# Exercise
Lines containing the word "Sport" are the ones to copy from the records below.

------ Data supplied

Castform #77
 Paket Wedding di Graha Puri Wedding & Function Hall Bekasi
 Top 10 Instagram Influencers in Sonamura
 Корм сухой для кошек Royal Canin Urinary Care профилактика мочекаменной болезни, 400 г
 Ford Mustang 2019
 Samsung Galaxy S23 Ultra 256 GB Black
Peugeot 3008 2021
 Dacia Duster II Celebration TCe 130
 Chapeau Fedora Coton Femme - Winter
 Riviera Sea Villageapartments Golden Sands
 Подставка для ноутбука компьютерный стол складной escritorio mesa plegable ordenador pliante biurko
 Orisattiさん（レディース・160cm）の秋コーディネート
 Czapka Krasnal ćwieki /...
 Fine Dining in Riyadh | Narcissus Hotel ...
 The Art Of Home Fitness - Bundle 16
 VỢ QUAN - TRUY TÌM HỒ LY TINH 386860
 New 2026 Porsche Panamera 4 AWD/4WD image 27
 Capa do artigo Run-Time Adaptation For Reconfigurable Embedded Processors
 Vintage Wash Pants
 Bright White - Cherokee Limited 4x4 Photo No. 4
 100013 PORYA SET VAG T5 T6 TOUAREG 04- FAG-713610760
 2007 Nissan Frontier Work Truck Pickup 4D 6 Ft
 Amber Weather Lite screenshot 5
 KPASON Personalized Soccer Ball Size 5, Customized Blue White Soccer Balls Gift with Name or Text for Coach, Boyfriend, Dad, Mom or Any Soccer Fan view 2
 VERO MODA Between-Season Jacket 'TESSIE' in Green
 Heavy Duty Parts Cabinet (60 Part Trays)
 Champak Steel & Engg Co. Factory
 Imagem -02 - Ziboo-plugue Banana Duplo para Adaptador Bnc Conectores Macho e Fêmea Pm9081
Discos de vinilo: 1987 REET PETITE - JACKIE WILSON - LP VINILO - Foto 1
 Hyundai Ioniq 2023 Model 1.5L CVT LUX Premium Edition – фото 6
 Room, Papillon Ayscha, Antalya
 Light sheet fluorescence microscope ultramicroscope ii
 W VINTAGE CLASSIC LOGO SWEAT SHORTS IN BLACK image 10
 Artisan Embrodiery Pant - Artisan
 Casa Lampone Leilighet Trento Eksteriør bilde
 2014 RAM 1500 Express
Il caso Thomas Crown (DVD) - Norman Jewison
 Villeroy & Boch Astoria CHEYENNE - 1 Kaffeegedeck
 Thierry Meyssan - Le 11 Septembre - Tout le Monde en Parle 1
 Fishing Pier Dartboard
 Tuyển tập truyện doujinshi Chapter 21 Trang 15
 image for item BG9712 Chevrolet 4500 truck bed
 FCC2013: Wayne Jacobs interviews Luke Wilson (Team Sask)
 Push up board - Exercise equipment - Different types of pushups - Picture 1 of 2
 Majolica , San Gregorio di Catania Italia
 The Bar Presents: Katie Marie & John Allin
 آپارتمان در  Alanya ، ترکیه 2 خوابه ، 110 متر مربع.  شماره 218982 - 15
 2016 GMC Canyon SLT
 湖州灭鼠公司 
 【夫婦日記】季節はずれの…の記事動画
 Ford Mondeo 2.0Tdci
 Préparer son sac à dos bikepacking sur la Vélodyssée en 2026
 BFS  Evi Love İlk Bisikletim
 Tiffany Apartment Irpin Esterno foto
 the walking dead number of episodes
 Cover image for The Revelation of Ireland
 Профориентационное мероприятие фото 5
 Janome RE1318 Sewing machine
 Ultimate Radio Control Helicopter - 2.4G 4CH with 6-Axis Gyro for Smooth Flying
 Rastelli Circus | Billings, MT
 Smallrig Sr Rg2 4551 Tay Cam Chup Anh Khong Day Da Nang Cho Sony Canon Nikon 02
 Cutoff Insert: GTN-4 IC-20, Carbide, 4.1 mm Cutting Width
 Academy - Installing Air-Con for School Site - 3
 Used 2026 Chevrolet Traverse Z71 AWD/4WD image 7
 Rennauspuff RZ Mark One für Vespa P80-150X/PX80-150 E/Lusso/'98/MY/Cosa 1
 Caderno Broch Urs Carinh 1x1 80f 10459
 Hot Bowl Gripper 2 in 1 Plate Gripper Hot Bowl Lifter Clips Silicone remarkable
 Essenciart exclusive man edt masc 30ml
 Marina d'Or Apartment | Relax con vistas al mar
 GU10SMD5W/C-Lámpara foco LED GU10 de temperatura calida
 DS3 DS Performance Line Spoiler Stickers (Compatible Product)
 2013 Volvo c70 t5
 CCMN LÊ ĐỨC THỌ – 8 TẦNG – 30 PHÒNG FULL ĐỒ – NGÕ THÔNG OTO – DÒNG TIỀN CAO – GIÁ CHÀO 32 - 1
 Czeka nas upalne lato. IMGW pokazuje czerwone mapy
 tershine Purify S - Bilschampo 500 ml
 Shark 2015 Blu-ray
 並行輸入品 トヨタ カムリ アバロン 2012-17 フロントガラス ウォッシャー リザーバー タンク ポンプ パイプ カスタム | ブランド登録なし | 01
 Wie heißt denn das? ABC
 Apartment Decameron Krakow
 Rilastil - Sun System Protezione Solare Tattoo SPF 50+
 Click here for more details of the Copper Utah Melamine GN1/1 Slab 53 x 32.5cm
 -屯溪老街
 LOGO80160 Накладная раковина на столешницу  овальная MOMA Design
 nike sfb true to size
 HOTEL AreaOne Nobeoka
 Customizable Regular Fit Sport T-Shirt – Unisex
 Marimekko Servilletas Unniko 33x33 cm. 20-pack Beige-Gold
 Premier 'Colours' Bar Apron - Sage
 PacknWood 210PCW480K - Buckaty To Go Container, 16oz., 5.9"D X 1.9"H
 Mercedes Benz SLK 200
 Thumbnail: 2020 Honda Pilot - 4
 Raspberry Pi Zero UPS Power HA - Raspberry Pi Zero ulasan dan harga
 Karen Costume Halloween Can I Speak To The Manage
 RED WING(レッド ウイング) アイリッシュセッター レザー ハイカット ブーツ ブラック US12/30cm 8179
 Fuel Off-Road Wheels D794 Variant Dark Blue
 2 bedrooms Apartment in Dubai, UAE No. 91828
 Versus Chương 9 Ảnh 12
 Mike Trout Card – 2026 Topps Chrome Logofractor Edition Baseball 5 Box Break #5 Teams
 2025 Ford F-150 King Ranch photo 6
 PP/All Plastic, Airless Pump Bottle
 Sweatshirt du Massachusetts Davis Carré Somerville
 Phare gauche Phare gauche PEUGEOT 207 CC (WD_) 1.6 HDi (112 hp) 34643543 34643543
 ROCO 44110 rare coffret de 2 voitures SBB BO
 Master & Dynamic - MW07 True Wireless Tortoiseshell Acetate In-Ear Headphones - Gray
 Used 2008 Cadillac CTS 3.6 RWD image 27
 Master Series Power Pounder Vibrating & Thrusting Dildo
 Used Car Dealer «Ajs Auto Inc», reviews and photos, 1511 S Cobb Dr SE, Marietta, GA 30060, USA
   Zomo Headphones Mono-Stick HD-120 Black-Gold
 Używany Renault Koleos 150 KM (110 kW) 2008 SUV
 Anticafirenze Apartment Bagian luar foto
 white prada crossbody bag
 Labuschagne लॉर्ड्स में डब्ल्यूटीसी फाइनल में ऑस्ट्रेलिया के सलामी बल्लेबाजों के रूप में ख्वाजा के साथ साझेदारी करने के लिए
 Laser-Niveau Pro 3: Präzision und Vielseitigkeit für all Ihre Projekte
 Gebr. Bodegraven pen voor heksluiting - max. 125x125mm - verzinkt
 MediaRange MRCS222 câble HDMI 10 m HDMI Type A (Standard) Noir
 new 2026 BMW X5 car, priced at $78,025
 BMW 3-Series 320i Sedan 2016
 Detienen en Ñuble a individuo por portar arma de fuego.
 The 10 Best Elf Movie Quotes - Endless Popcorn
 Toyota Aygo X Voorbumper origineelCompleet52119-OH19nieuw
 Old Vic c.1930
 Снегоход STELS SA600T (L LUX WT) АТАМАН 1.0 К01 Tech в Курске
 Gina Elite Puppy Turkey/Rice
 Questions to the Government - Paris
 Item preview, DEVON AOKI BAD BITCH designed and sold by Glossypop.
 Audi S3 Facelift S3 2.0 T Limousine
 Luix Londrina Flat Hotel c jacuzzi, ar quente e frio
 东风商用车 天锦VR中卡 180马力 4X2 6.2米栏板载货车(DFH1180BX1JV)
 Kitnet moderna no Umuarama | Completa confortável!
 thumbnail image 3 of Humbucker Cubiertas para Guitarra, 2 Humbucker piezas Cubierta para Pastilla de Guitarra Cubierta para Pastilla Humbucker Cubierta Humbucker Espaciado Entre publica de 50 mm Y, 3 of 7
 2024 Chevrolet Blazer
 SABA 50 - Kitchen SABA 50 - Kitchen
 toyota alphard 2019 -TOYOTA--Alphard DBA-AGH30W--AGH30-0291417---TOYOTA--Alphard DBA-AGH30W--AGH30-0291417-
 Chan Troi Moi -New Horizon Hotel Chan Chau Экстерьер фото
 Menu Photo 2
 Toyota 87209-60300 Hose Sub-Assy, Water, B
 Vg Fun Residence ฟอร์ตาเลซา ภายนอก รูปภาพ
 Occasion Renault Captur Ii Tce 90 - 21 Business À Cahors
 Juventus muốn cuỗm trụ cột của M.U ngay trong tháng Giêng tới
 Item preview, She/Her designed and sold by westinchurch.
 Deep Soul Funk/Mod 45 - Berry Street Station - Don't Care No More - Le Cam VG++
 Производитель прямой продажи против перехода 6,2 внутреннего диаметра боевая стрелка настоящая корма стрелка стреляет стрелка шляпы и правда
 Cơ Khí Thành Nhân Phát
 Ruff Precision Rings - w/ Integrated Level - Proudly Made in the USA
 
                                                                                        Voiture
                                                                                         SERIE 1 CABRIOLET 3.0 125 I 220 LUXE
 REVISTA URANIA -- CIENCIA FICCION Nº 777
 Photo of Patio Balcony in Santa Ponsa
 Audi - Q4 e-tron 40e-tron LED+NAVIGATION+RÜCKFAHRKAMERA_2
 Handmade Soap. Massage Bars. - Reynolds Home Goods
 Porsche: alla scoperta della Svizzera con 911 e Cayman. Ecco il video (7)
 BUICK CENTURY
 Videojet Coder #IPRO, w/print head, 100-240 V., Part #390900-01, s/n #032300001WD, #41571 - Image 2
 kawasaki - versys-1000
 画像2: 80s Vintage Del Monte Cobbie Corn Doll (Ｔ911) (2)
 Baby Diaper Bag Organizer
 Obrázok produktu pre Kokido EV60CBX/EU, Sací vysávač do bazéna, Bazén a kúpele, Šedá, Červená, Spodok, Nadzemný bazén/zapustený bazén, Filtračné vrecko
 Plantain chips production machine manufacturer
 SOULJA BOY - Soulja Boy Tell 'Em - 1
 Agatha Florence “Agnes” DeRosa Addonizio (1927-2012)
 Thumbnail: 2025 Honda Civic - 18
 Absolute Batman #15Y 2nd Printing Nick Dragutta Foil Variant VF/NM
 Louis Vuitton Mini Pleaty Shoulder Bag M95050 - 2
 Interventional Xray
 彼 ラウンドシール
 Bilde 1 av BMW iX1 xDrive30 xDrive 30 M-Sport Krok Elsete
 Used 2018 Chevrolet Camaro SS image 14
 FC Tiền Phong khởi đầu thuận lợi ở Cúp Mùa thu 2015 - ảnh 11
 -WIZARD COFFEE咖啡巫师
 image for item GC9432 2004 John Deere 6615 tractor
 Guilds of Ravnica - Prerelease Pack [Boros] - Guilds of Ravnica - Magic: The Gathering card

------------

# Reply
 Customizable Regular Fit Sport T-Shirt – Unisex
 Bilde 1 av BMW iX1 xDrive30 xDrive 30 M-Sport Krok Elsete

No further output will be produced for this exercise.